Still, in 78% of families there are no rules set about the use of Facebook. Only 17% of children say that such rules exist in their families and that they follow these rules, while 5% of the children admit they break the rules. The older the children are, the more lax parental restrictions on their use of Facebook, and it is exactly the children aged 15 to 16 who are the most endangered group for both the experiencing and perpetrating peer bullying. So, there are no rules about how to use Facebook for 93% of the children who commit the abuse via Facebook, as well as for 88% of the children who both experience and commit the abuse.

In the overall sample of the children included in this study, 12.1% of them experience abuse on Facebook, while 9.6% of them are abusive. The analysis of the children who were involved in the abuse on Facebook in any way, showed that 44.4% of them experienced abuse, 29.7% showed abusive behaviour, while 25.9% of children both experienced and were abused on Facebook.

Unlike 70% of their peers who would never accept a request to be friends with unknown persons, every second child among those involved in abuse via Facebook do that. Children involved in abuse via Facebook more often say that they would be willing to meet the unknown person they met on Facebook. Children who both experience and commit abuse are most inclined to do that. Unlike 82% of their peers who were not involved in abuse via Facebook, such a meeting is considered to be unacceptable by only 73% of children who experienced abuse, 66% of children who committed abuse and 50% of children who both experienced and committed abuse.

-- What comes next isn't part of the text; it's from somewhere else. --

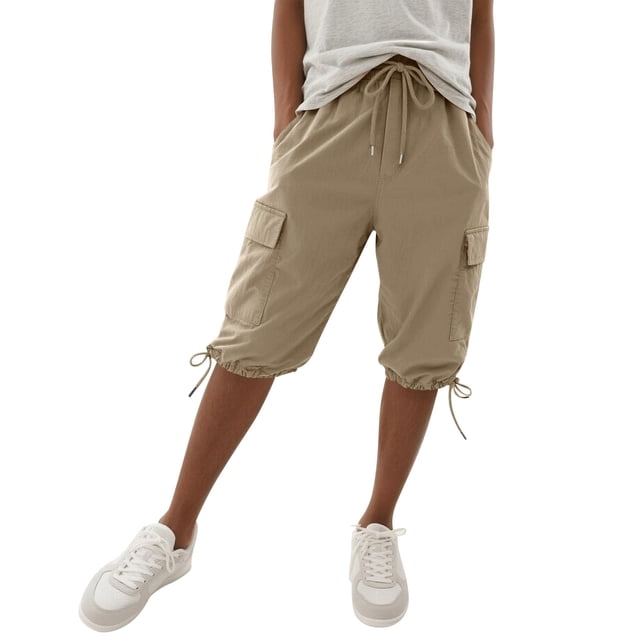 Hngshg Plus Size Cargo Capris for Women Bow Drawstring Solid Color Casual Pants with Pockets Summer Vacation Workout Pants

Children who both experience and commit abuse on Facebook are at highest risk

Children who both commit and experience abuse on Facebook proved to have most emotional and behavioural difficulties: impaired self-image, more anxiety and depression, more anger and unacceptable behaviours than children who only commit the abuse via Facebook. Anxiety and depression in children who both commit and experience abuse via Facebook are more expressed than in children who only experience abuse via Facebook.

Every fifth child says that s/he received hurtful messages or comments via Facebook several times or often, every second child experienced it at least once, while 9% of children admit that they committed it more than once. Every fourth child experienced lies spread about them on Facebook, while 7% admit they spread lies themselves.

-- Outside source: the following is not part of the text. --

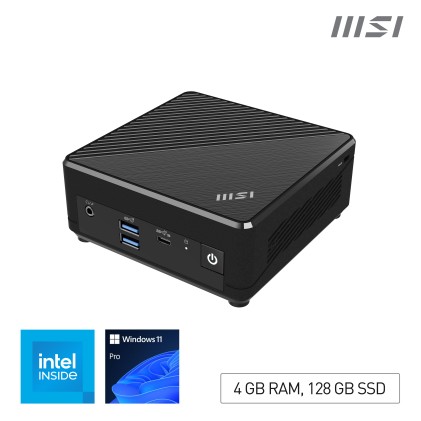 Pc Msi Cubi N200 4Gb 128Gb W11P 2Y N200 H/Dp 4K Usbc 2U3.2 M2 1*2,5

Every sixth child says that somebody logged in on their Facebook profile and published unpleasant information about them in their name, while 8% of children admit they did such things.

Thirteen percent of children admit that they deliberately blocked or excluded other children from some group with the aim of isolating them. Three percent of them opened a Facebook group in order to deride and insult other children. Fifteen percent of children received threats via Facebook, while 7% admit they sent threats to other children.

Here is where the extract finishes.